- Born: September 20, 1964 (age 60) Havana, Cuba
- Occupation: construction worker
- Organization: Alternative Option Movement
- Known for: imprisonment, democracy activism
- Spouse: Berta Soler
- Children: Luis Angel and Lienys

= Angel Moya Acosta =

Cuban dissident

 Angel Moya Acosta (born 20 September 1964) is a Cuban construction worker and the founder of the Alternative Option Movement.

Moya fought for one-and-a-half years in the Cuban intervention in Angola in the late 1980s. In the following decade, Moya was arrested several times for his activism. In December 1997, he was arrested on his way to join a public memorial, and in November 1999 he was arrested for participating in a prayer session for dissident Oscar Biscet. On 15 December 1999, he was arrested and imprisoned after a demonstration along with fellow Alternative Option Movement members Guido and Ariel Sigler Amaya; the latter arrest caused Amnesty International to designate him a prisoner of conscience. In 2000, he was arrested and imprisoned for a year for "disrespect" after commemorating the anniversary of the Universal Declaration of Human Rights.

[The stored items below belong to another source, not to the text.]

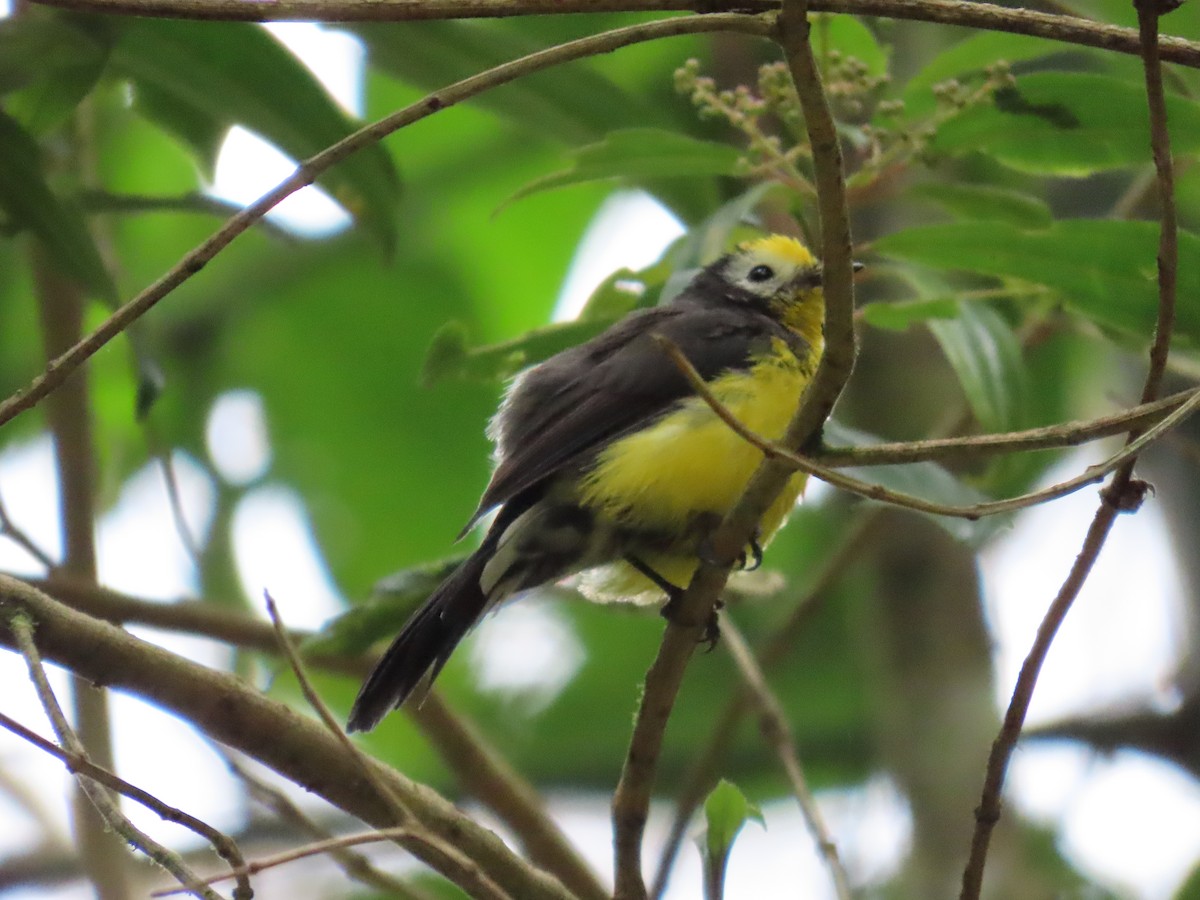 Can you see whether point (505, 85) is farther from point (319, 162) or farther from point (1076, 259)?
point (319, 162)

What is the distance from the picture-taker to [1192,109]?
308cm

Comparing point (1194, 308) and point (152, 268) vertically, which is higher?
point (152, 268)

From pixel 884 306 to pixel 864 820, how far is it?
2516 mm

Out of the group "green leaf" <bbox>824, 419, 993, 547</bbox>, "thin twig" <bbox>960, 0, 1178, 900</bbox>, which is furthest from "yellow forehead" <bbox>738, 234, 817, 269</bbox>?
"thin twig" <bbox>960, 0, 1178, 900</bbox>

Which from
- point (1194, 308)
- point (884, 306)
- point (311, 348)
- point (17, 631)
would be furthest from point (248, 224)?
point (311, 348)

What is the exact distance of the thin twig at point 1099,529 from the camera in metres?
2.23

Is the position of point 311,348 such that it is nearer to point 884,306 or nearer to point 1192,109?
point 884,306

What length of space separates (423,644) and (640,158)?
3.96ft

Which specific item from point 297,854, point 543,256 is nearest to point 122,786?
point 297,854

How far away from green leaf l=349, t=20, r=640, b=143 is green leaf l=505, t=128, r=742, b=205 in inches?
19.3

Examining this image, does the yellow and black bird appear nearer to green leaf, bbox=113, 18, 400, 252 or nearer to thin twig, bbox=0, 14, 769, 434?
green leaf, bbox=113, 18, 400, 252

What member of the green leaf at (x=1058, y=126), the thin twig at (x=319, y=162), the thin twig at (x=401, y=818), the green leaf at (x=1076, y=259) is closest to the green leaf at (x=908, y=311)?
the green leaf at (x=1076, y=259)

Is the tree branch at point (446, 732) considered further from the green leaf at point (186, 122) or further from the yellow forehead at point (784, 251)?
the yellow forehead at point (784, 251)

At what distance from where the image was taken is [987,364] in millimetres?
3611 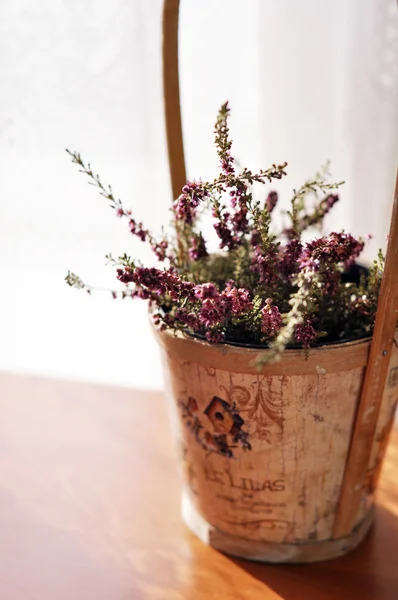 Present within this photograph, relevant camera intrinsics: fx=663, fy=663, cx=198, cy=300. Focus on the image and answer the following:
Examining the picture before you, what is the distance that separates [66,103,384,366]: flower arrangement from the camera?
0.62m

He was again imprisoned during the Black Spring in 2003, and sentenced to 20 years in jail. His wife Berta Soler, now leader of the Ladies in White movement, campaigned on his behalf.

When Moya suffered a herniated disc in October 2004, Soler began a campaign to urge the government to give him an operation, submitting a letter to President Fidel Castro on his behalf and staging a rare protest in Havana's Plaza de la Revolución with the Ladies in White. She described the protest as "my right and duty as a wife". After two days of protest, Moya was given surgery.

After Moya's early release from prison in 2011, he and Soler chose to remain in Cuba and continue their calls for the release of political prisoners, despite being offered emigration to Spain.

In March 2012, Soler and Moya were detained along with three dozen other demonstrators when they staged their weekly protest ahead of a visit of Pope Benedict XVI. Soler told reporters that authorities had warned the Ladies to avoid Benedict's public appearances, including masses.

== Family ==
Soler is a microbiology technician at a Havana hospital. Moya and Soler have two sons, Luis Angel and Lienys.